I found some surgical tape and wove his fingers together around the bolted-down leg of a metal shelving unit.
I sat down and started sawing the tracking box off my ankle with the white-bladed knife while I watched him. It took thirty-nine beats. By the fortieth beat Grgur’d stopped coughing and was getting it back together.
“So how do I get in to see Lindsay?” I asked. Jed would probably have asked whether Grgur was working primarily for Lindsay or for Marena, and whether Marena had given the order on No Way, and a whole bunch of other trivia, but I really didn’t care.
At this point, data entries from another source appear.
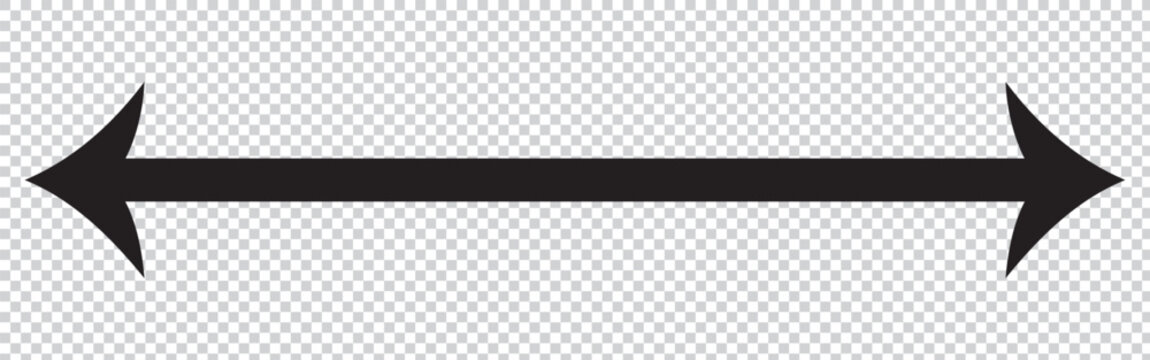 Thin long straight double arrow. Vector illustration. Double arrow icon set . two side arrows icon vector. Dual semi circle arrow. Vector illustration. 
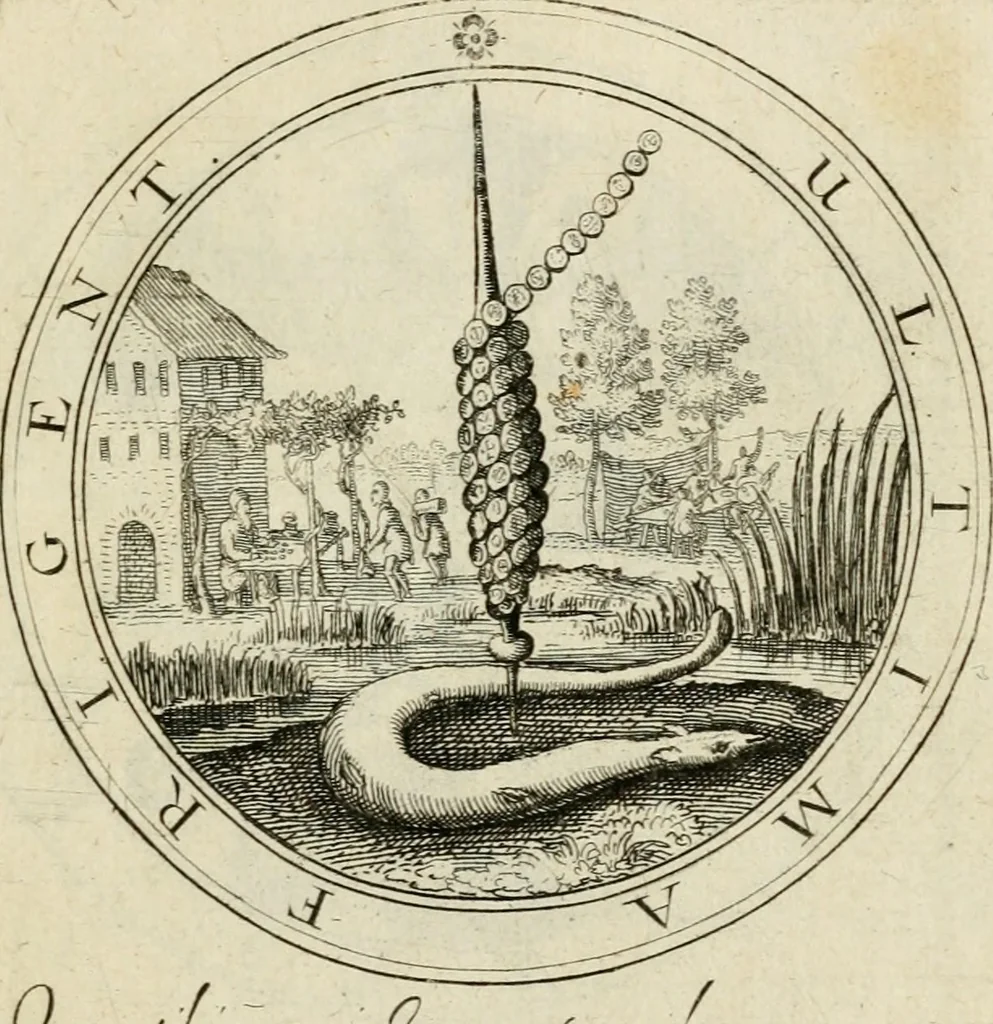 An illustration from Iacobi â Bruck Angermundt cogn. Sil. Emblemata moralia & bellica : nunc recens in lucem edita, 1615, leaf 72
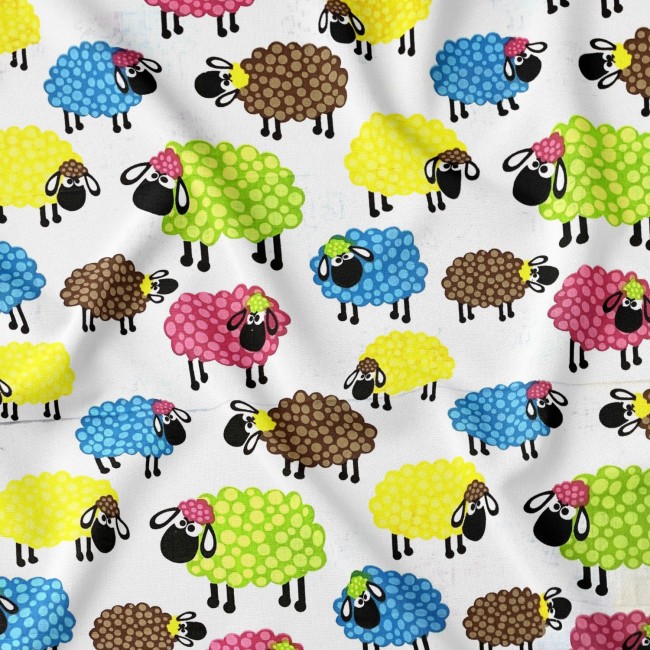 Katoenstof - Veelkleurige schapen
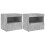 VidaXL (concrete grey) vidaXL Bedside Cabinet with LED Lights Nightstand Bed Table Side Table Black 2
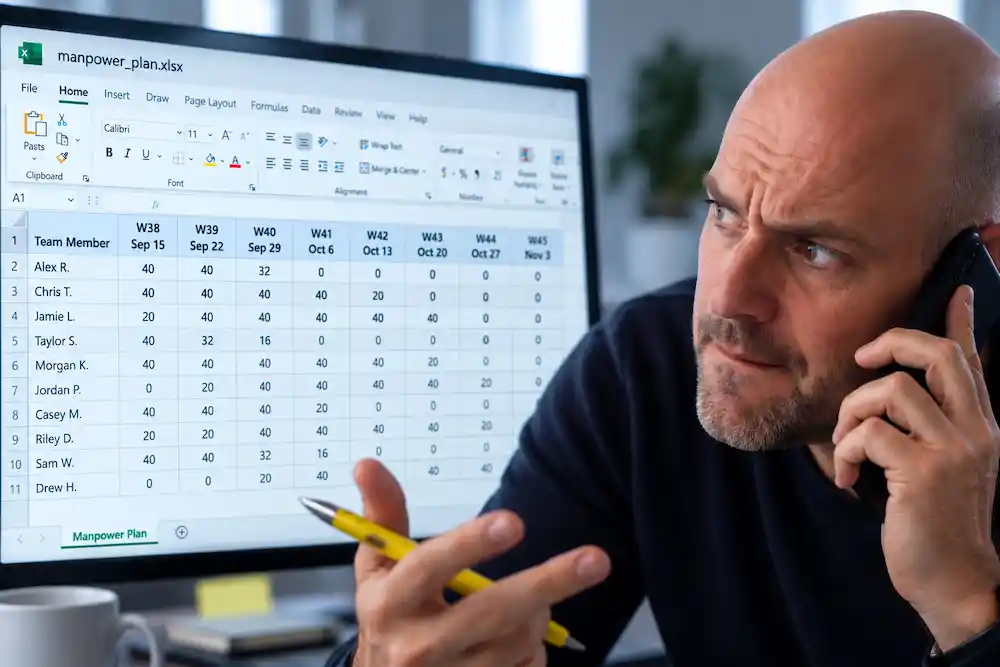 Fitting in new projects based on team capacity is a challenge for many manufacturers and engineering firms. Caperity helps by providing a realtime view of team bandwidth, with project hours and holidays taken into account.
“That’s. Difficult,” Grgur choked out.
“Well, so then what are you good for?”
“I can try him.”
“How?”
“On the phone.”
“Where is Lindsay right now?”
“He went to assens today.”
“Assassins?” I asked. I got the ankle box off and sliced off my ID bracelet just in case. I was pretty sure there wasn’t anything else on me. Had they implanted a surgical tracker? That would be a little much even for this group.
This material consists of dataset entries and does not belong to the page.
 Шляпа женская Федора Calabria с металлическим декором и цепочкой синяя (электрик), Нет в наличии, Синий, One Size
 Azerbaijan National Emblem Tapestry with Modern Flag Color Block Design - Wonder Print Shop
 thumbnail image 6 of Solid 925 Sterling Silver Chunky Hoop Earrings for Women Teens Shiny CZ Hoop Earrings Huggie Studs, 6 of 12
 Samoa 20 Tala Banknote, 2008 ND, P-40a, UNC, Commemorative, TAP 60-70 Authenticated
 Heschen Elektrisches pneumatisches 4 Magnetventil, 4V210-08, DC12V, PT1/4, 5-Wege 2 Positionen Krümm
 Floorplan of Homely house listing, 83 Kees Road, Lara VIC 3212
“No, Athens, Greece,” Grgur said.
“What’s the best way to reach him?”
“Text him.”
“I mean in person,” I said.
“I don’t know.”
“Hang on,” I said. I stuffed some cotton pads into his mouth and surgi-taped over it, leaving enough of a gap so that even if his nose stopped up he wouldn’t die. Next I cut some airholes in a big plastic trash bag, poured in three economy family-sized boxes of cotton pads, foomped it down over his head, twisted it, and taped it around his neck. He looked like-who?
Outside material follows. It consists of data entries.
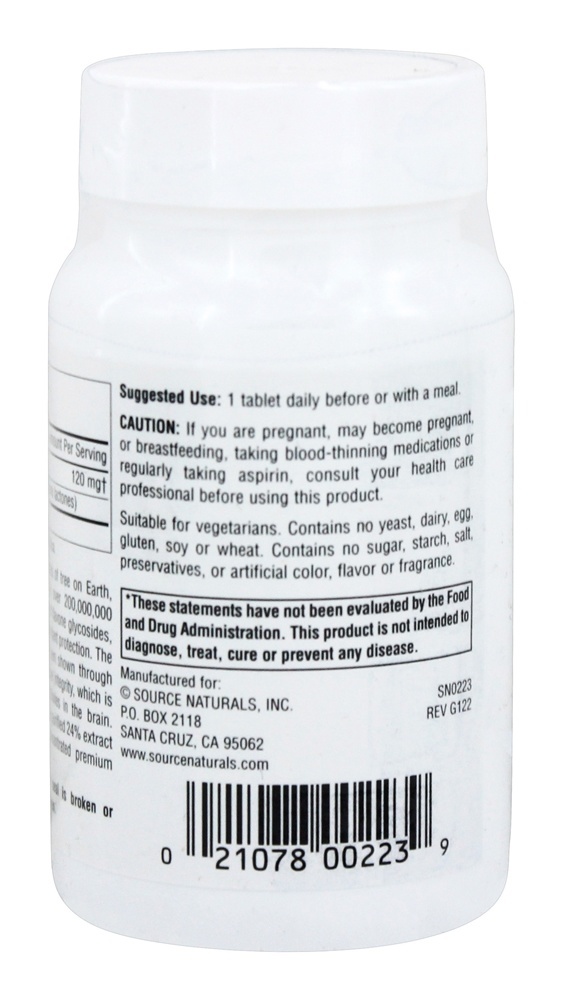 Ginkgo-24 Ginkgo Biloba Extrair 120 mg. - 120 Tablets Source Naturals - Imagem 3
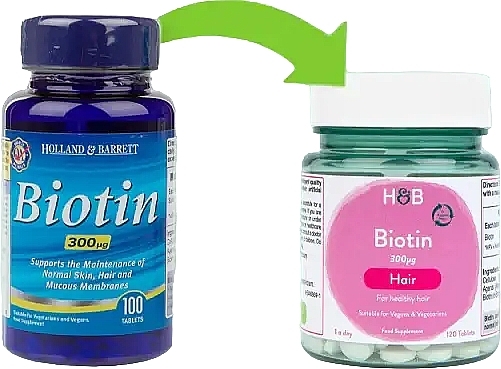 Пищевая добавка "Биотин", 300 мкг - Holland & Barrett Biotin — фото N2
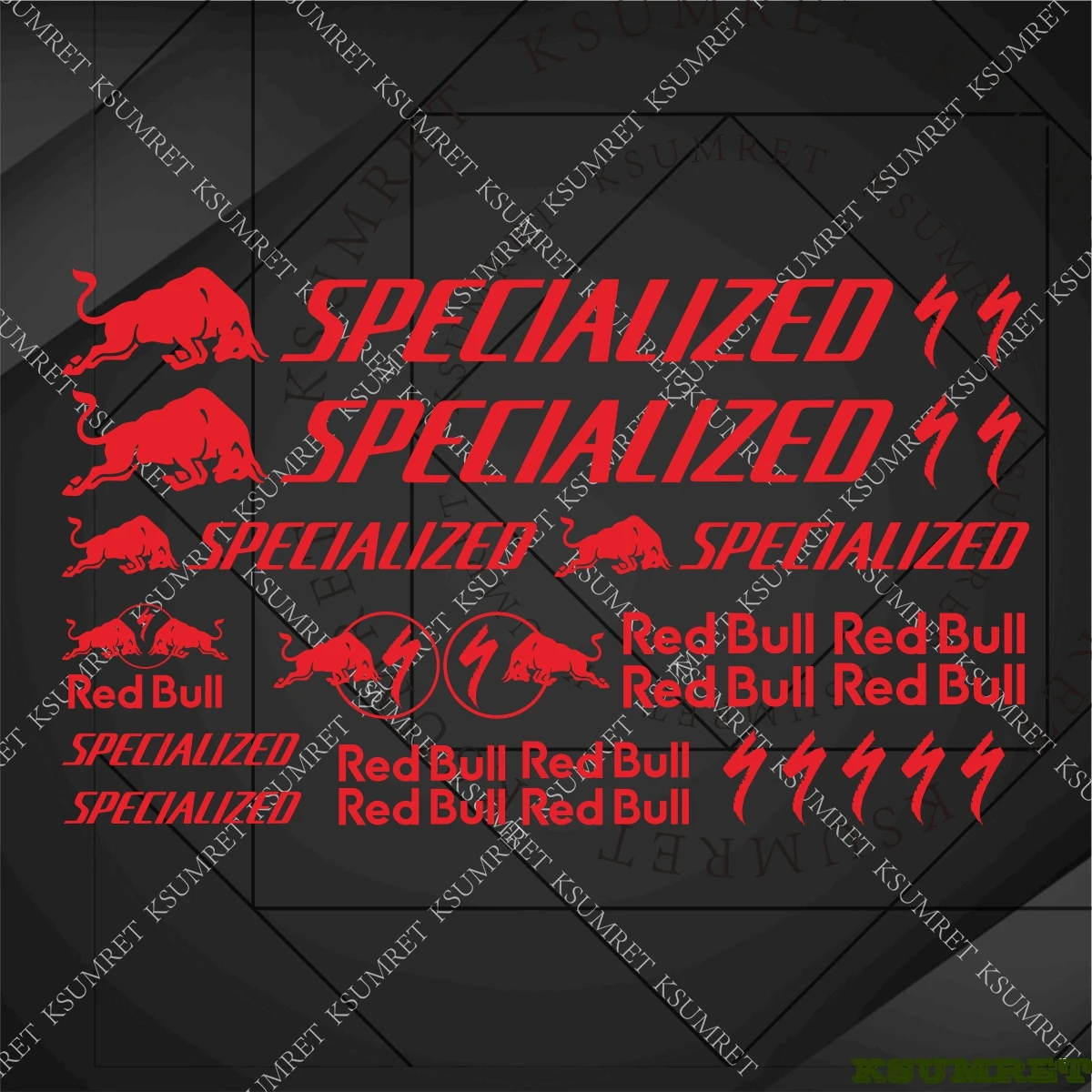 Kit Déco VTT Red Bull Mon Expérience Réelle avec les Autocollants pour Cadre et Casque de Vélo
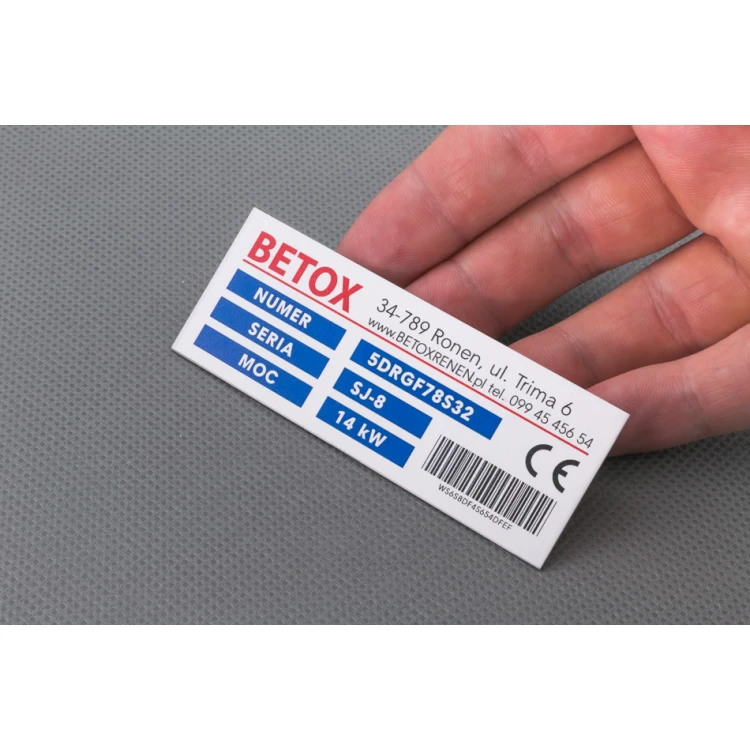 Anodised aluminium name plates - indestructible print - dimensions: 80x30mm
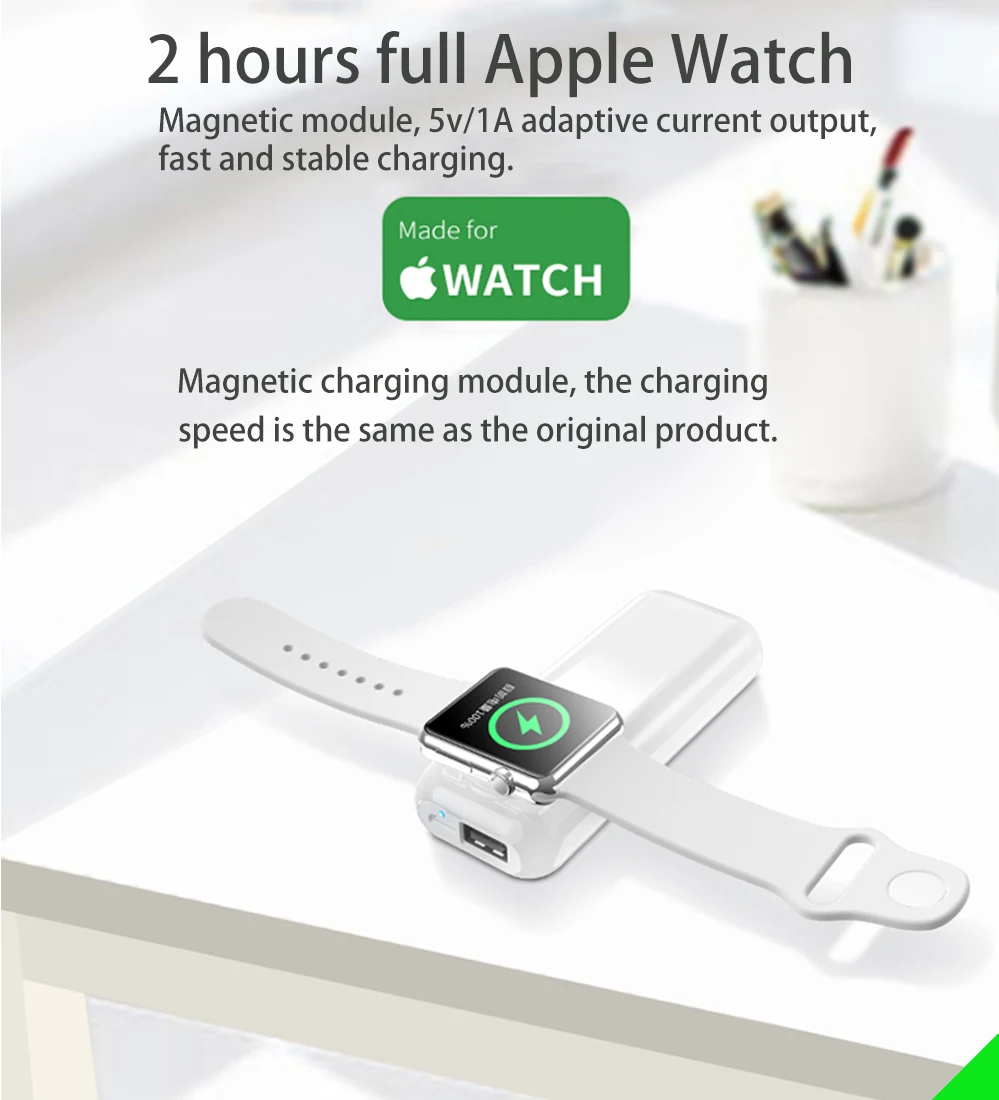 Часы беспроводной зарядки для Apple Watch версии 4 версия 1 2 3 ремешок с 5200 мА/ч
Jack Pumpkinhead, Jed thought.
Right, I thought back. Next. Badges. Steenking batches. Think.
“Back in a third,” I said.
I opened the door and walked out, ready to cast-slash anyone in sight, but there was nobody. I wiped some blood spots off the floor in front of the door with the toe of my goddamn cloth slipper and I walked through the blazing flat light to the little waiting area. The couches were this acid orange that kind of upset me, and I tried not to look at them. I climbed up on one and looked out the window. It looked out on a closed courtyard, and there was a fire escape. And it was dark down there. After some fumbling I got the leaf, I mean, the key card I’d taken, to slide into a three-finger-wide crack, threw the glove with the trackers out into the warm dark, and closed the window again. There were footsteps coming up the hallway. I walked back to the pharmacy, closed the door with good delicacy, got behind Grgur, pulled the bag down a bit, weighted his arms and legs as much as I could, and choked him some more to make sure he’d be absolutely silent. If the cops or whoever came through the door I’d throw him at them and then go out the back and see if I could still get away. Although that didn’t sound good.
The footsteps went by outside. I didn’t breathe.
All right.
Pause.
For a few beats I thought about skinning him and wearing his face out, but, based on experience from doing the same thing in the old days, I figured it wouldn’t actually be so convincing. You needed trained taxidermists to work on it, and even then the effect was odd. And even assuming his head was big enough to fit over mine, there would be the bloody eye sockets and nostrils, and the whole nose issue would be a real problem, and if I couldn’t sew the lips together they’d hang open and show another pair underneath.
So even if they mistook us for him, they’d think we were so messed up they’d bring us right back to the hospital, where we don’t want to be. And skinned faces don’t really look that much like their previous owners until you preserve them correctly. Without all the muscle attachments and everything on underneath, they just look kind of droopy and abstract. Taxidermy is an art, and the human variety is the hardest.
“So, look, you’re going to transfer me out,” I said. Grgur mumbled something like “Okay.” He was still bleeding so I surgi-taped his worst wounds, just so he wouldn’t shock out on me, before I started rooting through the shelves. Hmm. Turbocurarine. Meprobamate solution. Most of the potions seemed familiar, I suppose because Jed had spent so much time in hospitals when he was little he’d memorized a volume known as the Physicians’ Desk Reference.